■ **Data section**:

+ + +

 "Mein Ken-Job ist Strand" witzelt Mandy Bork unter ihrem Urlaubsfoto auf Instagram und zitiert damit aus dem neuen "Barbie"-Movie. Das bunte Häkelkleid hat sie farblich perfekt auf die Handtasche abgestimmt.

+ + +

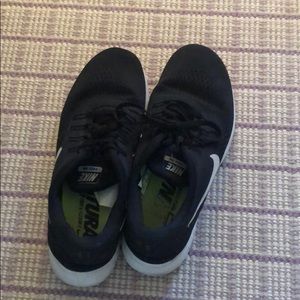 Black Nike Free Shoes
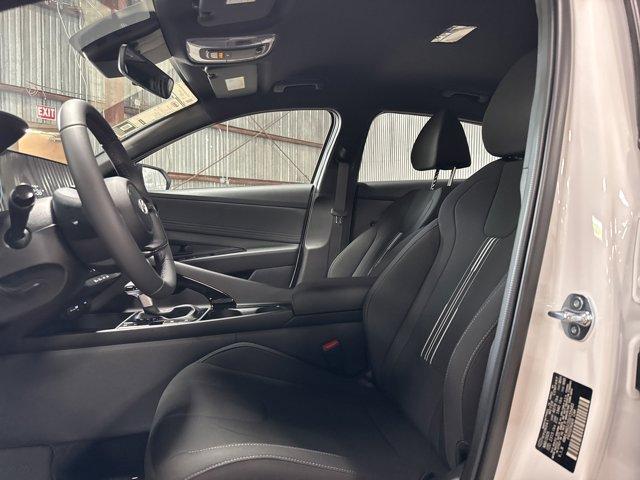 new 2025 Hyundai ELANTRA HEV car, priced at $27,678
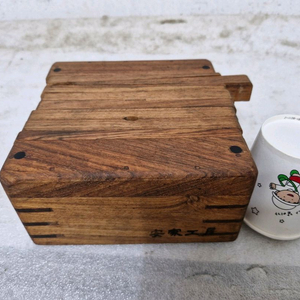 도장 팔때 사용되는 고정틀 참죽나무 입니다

+ + +

■ **Prompt**: What do the entries above read from the line containing "Black Nike Free Shoes" through the line containing "도장 팔때 사용되는 고정틀 참죽나무 입니다"? Output those lines exactly, both ends included, with the pictures left out.

■ **Response to this exercise**:
 Black Nike Free Shoes
 new 2025 Hyundai ELANTRA HEV car, priced at $27,678
 도장 팔때 사용되는 고정틀 참죽나무 입니다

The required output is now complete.